### Problem requirements
Using the records below, give again exactly the lines from the line that contains "일산동 포장이사 비용" through the line that contains "Bird Of Paradise Flower Yellow Orange Nature", both ends included, and only those.

Caption-style text data
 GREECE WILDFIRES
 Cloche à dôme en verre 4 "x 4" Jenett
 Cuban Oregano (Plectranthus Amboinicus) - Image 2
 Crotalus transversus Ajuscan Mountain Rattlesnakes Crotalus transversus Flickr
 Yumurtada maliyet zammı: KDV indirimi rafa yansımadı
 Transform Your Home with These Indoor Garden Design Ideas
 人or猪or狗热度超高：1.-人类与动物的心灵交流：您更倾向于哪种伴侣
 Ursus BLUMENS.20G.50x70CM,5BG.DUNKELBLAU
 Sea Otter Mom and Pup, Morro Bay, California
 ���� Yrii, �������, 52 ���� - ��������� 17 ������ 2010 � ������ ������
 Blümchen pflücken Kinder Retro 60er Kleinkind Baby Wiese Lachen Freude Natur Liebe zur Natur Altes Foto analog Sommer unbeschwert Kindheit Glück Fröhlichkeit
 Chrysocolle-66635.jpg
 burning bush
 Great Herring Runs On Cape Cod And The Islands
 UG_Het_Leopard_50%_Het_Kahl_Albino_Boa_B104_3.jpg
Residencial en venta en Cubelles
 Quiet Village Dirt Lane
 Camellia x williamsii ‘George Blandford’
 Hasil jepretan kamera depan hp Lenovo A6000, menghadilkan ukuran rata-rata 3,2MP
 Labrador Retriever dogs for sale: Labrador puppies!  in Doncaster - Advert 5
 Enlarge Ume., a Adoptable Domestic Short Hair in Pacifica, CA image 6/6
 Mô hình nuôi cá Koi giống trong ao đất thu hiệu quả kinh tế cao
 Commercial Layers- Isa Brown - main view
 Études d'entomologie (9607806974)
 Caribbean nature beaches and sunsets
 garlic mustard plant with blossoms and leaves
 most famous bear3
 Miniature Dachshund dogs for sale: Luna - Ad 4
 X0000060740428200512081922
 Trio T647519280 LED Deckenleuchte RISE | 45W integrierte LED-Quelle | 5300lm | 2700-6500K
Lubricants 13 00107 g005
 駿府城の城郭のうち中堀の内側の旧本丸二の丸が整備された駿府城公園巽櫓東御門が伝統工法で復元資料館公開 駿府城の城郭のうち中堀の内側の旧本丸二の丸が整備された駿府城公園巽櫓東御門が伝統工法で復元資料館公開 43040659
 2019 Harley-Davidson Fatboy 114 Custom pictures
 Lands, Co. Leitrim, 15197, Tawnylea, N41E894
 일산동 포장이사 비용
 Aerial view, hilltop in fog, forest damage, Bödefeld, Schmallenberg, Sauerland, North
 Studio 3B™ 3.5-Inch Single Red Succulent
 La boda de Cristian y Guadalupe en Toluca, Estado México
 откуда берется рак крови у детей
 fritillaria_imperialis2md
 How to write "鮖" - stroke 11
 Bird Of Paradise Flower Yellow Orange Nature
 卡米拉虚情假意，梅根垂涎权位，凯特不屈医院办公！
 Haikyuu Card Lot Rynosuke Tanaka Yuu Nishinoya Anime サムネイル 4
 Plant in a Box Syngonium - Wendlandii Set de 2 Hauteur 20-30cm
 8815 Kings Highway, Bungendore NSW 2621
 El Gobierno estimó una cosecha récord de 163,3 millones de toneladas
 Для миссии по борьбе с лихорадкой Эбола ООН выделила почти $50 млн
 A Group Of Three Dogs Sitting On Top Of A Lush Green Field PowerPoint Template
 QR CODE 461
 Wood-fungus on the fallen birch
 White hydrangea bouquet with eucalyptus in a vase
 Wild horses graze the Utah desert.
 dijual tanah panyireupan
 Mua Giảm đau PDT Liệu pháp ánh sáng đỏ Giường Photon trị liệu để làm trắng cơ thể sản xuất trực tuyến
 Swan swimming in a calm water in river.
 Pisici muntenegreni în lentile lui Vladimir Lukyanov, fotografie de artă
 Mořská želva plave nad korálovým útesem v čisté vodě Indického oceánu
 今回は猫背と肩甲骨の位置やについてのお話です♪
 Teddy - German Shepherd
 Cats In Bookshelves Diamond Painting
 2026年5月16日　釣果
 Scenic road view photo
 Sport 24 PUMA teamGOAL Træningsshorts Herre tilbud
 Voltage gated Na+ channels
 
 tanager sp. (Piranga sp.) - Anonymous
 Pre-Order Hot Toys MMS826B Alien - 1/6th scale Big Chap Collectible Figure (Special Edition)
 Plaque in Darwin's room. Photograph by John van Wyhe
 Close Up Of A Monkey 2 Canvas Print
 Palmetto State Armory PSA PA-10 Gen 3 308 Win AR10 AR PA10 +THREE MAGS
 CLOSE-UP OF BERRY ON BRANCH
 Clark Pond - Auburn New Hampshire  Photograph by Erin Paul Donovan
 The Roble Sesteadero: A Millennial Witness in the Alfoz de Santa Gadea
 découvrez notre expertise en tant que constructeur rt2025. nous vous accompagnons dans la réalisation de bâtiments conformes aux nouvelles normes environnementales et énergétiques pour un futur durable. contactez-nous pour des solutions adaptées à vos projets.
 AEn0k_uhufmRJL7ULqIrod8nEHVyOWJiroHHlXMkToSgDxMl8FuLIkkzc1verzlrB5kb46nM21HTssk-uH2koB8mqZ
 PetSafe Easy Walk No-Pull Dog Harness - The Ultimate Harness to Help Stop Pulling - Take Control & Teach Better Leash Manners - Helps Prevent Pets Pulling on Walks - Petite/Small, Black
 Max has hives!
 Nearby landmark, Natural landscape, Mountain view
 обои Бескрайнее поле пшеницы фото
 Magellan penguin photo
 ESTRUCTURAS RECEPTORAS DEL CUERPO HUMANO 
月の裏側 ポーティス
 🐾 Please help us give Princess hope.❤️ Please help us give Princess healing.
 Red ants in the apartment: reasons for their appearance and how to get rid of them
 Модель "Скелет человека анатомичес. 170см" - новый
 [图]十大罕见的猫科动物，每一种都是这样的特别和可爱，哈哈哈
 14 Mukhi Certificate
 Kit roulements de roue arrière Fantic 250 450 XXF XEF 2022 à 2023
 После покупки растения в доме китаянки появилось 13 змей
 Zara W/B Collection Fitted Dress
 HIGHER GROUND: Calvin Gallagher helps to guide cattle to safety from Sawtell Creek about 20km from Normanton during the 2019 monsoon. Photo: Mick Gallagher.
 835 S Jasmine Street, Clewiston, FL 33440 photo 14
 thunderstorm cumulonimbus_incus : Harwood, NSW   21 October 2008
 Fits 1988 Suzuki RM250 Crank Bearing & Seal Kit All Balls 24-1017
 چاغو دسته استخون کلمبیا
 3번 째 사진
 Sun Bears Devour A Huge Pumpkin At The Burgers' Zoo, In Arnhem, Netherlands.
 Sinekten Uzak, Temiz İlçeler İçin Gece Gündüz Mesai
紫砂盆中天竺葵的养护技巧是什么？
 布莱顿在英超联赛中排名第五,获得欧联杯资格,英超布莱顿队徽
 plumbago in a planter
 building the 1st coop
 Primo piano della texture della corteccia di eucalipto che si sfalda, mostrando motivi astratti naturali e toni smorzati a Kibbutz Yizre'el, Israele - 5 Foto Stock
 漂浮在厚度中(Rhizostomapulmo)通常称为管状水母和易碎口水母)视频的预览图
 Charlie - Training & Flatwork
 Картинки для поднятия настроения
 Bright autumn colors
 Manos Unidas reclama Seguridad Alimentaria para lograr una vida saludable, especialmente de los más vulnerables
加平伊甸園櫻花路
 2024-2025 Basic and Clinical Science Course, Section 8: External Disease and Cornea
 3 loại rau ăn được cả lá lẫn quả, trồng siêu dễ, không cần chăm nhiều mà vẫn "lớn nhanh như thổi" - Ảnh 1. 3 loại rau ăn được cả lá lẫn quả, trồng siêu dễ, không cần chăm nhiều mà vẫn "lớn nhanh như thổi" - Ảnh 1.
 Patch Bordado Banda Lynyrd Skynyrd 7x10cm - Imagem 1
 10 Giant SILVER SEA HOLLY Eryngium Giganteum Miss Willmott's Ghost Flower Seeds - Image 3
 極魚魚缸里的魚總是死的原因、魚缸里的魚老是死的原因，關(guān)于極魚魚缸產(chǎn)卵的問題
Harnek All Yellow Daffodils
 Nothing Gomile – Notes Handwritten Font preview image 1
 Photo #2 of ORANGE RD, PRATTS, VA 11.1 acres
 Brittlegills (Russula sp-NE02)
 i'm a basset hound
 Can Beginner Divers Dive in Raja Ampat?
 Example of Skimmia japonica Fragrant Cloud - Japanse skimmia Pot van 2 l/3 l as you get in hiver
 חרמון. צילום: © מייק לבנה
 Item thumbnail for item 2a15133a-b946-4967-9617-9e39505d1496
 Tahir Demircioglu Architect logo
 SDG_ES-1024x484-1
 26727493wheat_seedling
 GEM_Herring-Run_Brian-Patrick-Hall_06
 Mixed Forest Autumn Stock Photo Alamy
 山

### Task result
 일산동 포장이사 비용
 Aerial view, hilltop in fog, forest damage, Bödefeld, Schmallenberg, Sauerland, North
 Studio 3B™ 3.5-Inch Single Red Succulent
 La boda de Cristian y Guadalupe en Toluca, Estado México
 откуда берется рак крови у детей
 fritillaria_imperialis2md
 How to write "鮖" - stroke 11
 Bird Of Paradise Flower Yellow Orange Nature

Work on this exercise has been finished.